Словно боясь находиться на виду, Бомарше скрылся в задернутой занавеской ложе и оказался в компании аббата де Калонна, брата главного контролера финансов, и аббата Сабатье де Кастра. В этом укромном уголке счастливый автор смог насладиться своим триумфом и оценить масштабы своей популярности. Бывают минуты, за которые можно отдать всю оставшуюся жизнь. Бомарше переживал в тот момент нечто подобное: никогда больше у него не будет повода так радоваться, как в тот знаменательный день, который вознес его на такую высоту, что оттуда был лишь один путь – вниз.
На следующий день в газетах, описывавших столпотворение на спектакле, появились даже сообщения о том, что в давке погибли несколько женщин. Истиной было то, что зрительный зал был переполнен: премьера «Женитьбы» установила абсолютный рекорд по сборам «Комеди Франсез» за весь XVIII век: касса продала билетов на 5700 ливров.
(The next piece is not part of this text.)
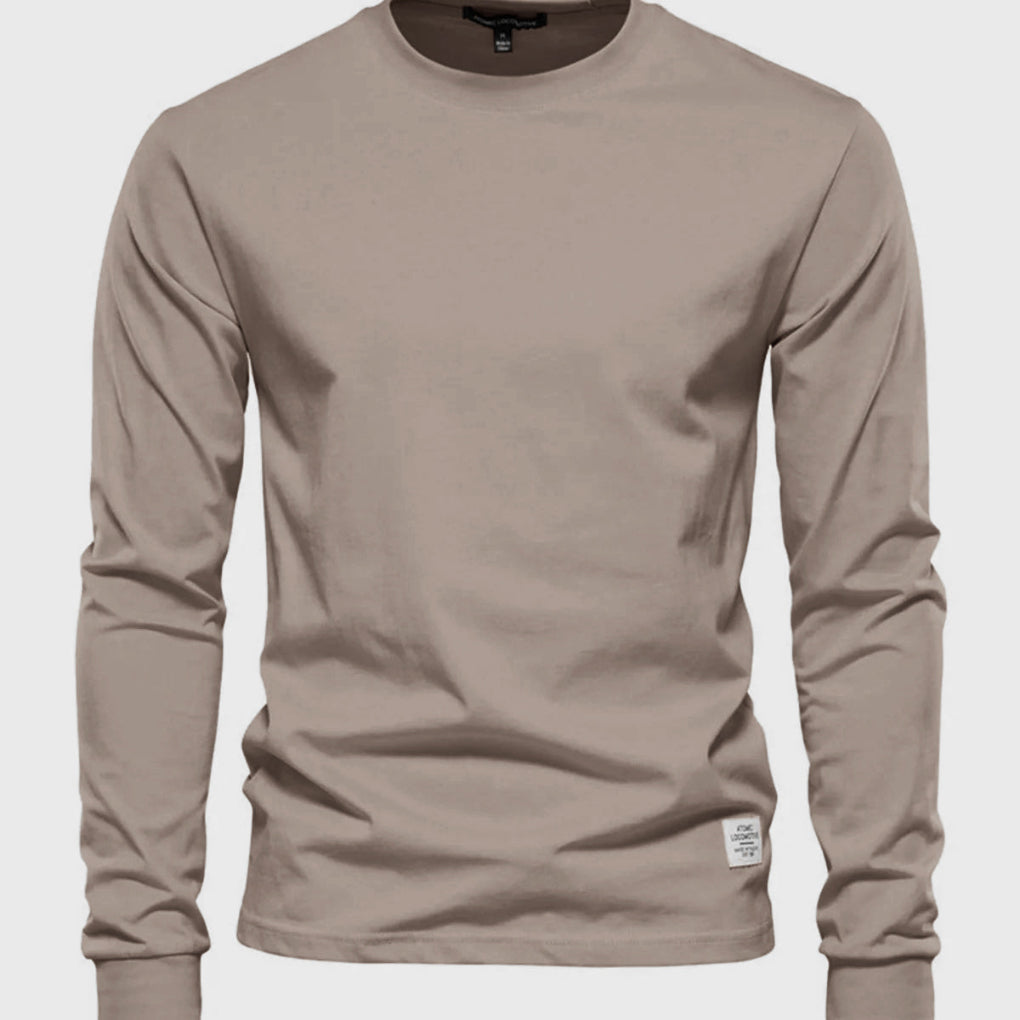 Camicia in Cotone a Maniche Lunghe per Uomo con Collo Rotondo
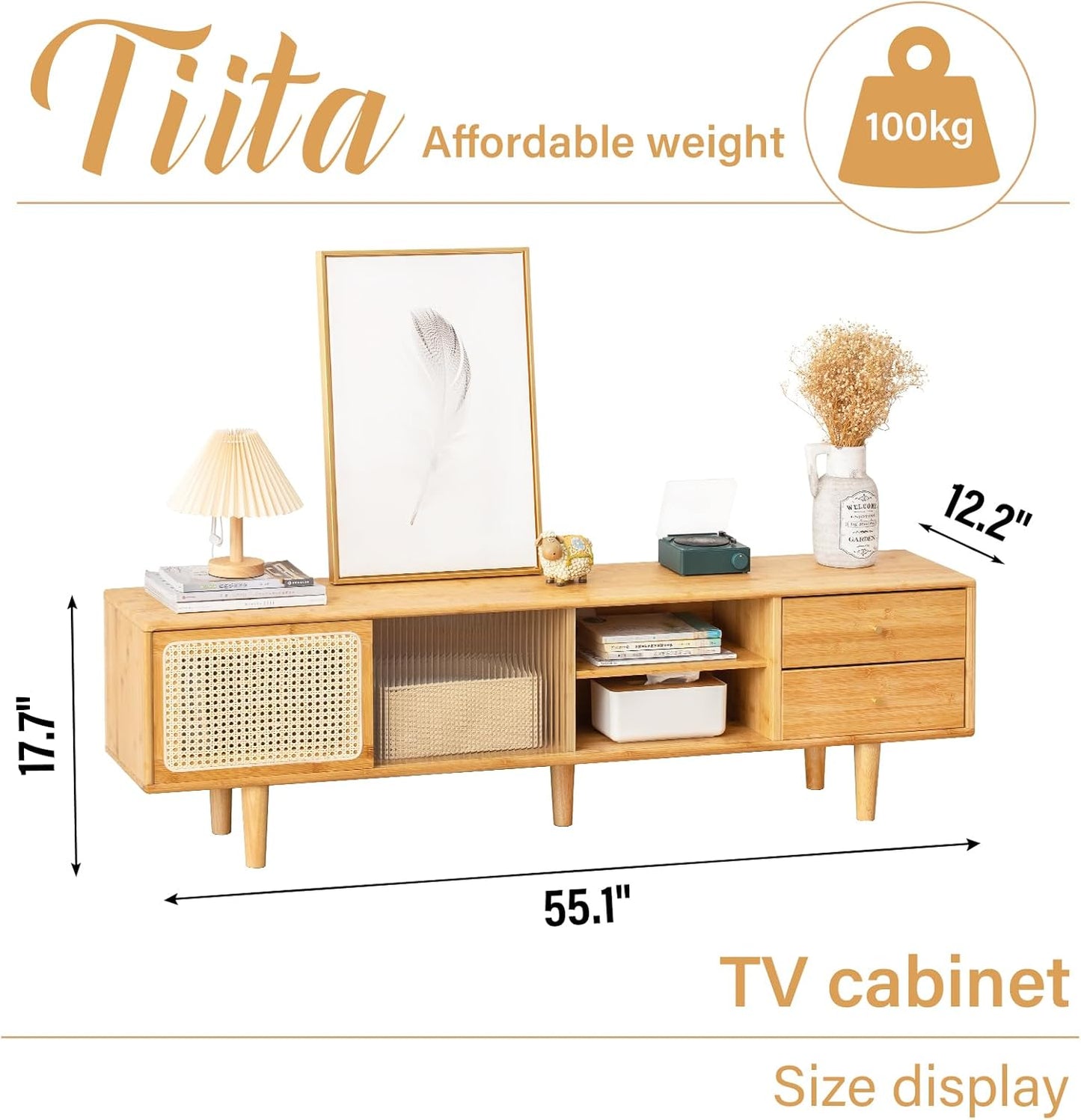 Tiita Rattan TV Stand for 55 65 Inch TV, Bamboo TV Cabinet with 2 Drawers, Boho Entertainment Center with Adjustable Shelf, Mid Century Modern Media Console for Bedroom, Living Room, Wood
Самым лучшим комментарием к этому незабываемому событию являются отзывы современников Бомарше:
«Стиль диалогов „Женитьбы Фигаро“, – писал Гримм Дидро, – очень напоминает стиль „Севильского цирюльника“; главное в них – меткое высказывание; ответ там частенько единственный повод для вопроса; это меткое выражение порой всего лишь игра слов, переиначенная пословица или дурного вкуса каламбур… Никогда еще ни одна пьеса не привлекала столько народу в „Театр Франсе“; весь Париж хотел увидеть эту знаменитую свадьбу, и зрительный зал оказался полон в ту же минуту, как только его двери открылись для публики, при этом зал смог вместить едва ли половину тех, кто осаждал его с восьми часов утра; многие прорывались туда силой, швыряя деньги швейцарам. Даже ради королевских милостей наши молодые господа не шли на такие унижения и не проявляли попеременно столько дерзости или услужливости, как ради того, чтобы получить место на премьере „Фигаро“; не одна герцогиня почла за счастье сидеть на балконе, где порядочным женщинам обычно не место, на убогом табурете рядом с м‑ль Дюте, м‑ль Карлин и иже с ними».
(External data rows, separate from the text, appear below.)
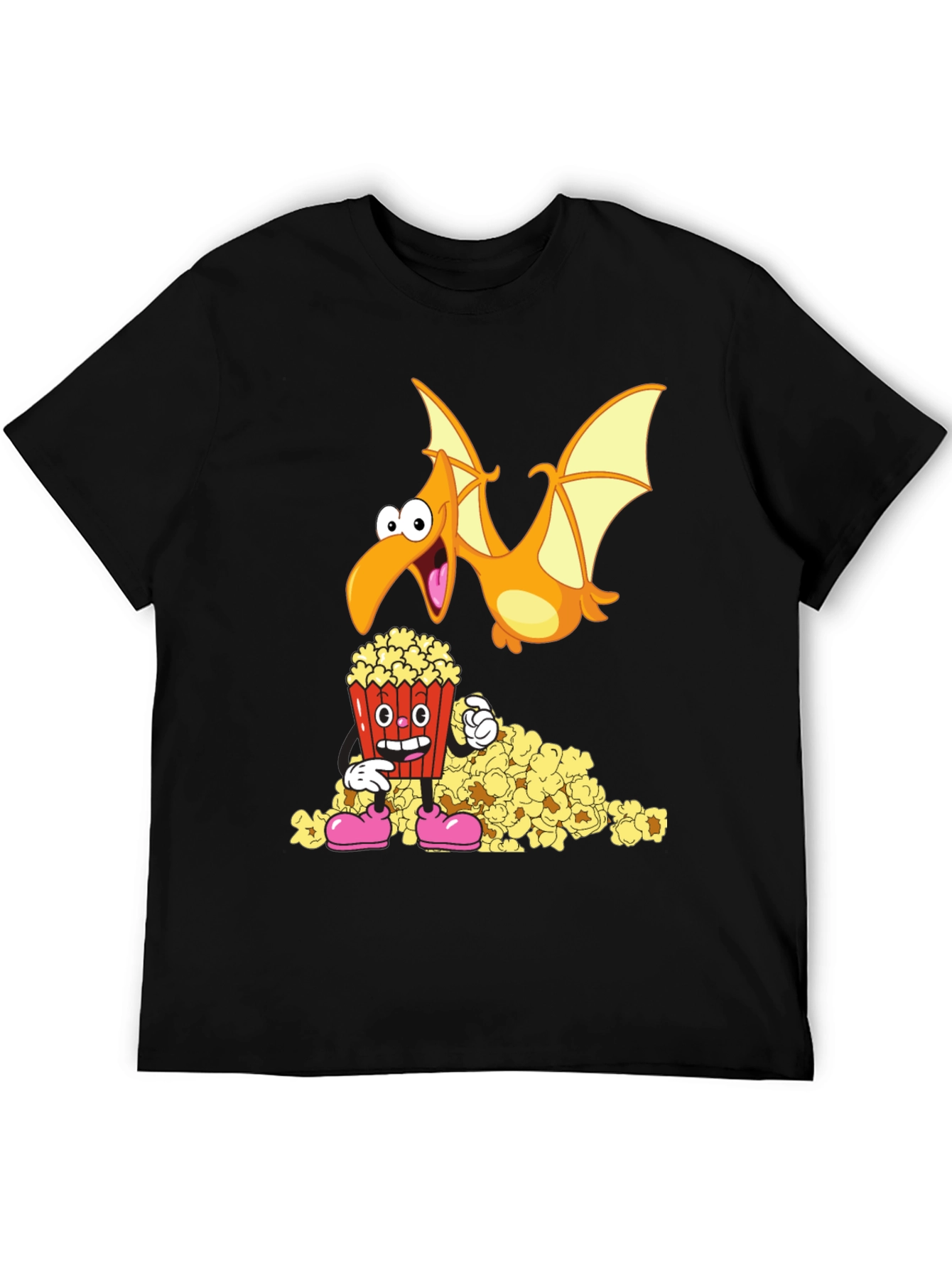 Black Cartoon Pterodactyl & Popcorn Graphic T-Shirt view 5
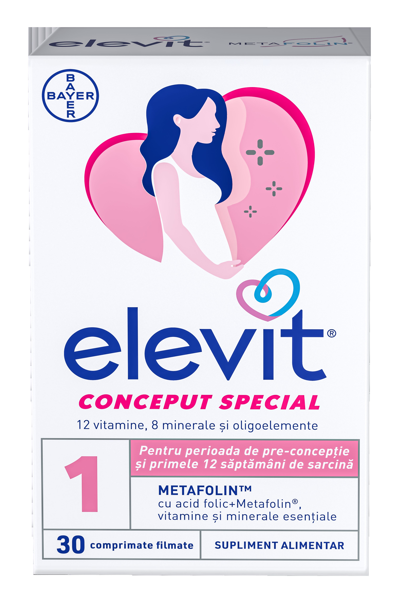 Suplimente sarcina - Elevit 1, 30 comprimate, Bayer, farmacom.ro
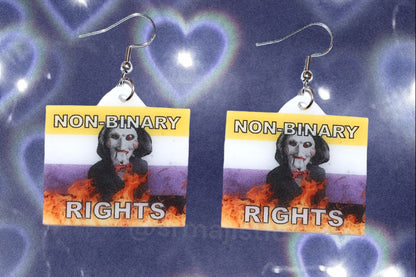 Jigsaw / Billy the Puppet Saw Character Collection of Flaming Pride Flags Handmade Earrings!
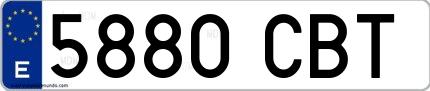 Ejemplo de matrícula española 5880 CBT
Аналогичный отзыв находим в письме модного тогда критика Лагарпа к великому русскому князю, имя которого он спрятал за инициалами S.A.I.: «Когда открылись кассы театра, началась такая толчея, что в ней задавили трех человек. Это на одного больше, чем погибло из‑за Скюдери, ведь, как известно, на премьере его „Тиранической любви“ затоптали двух швейцаров. Чем больше успех у „Женитьбы Фигаро“, тем больше гадостей говорят о ней, а кроме того, у Бомарше слишком много врагов, чтобы можно было обойтись без эпиграмм».
И действительно, они не замедлили появиться; уже на пятом представлении галерка и партер были усыпаны листовками довольно язвительного содержания, автором которых был, скорее всего, один из цензоров пьесы академик Сюар. Вот этот текст:
В этой постыдной пьесе каждое действующее лицо
Это персонифицированный порок во всем своем уродстве.
Бартоло представляет нам скупость;
Альмавива – соблазнитель;
Его нежнейшая половина – неверная жена;
Лакей – пошлый вор;
Марселина – мегера;
Базиль – клеветник;
Невинная Фаншетта чересчур послушна!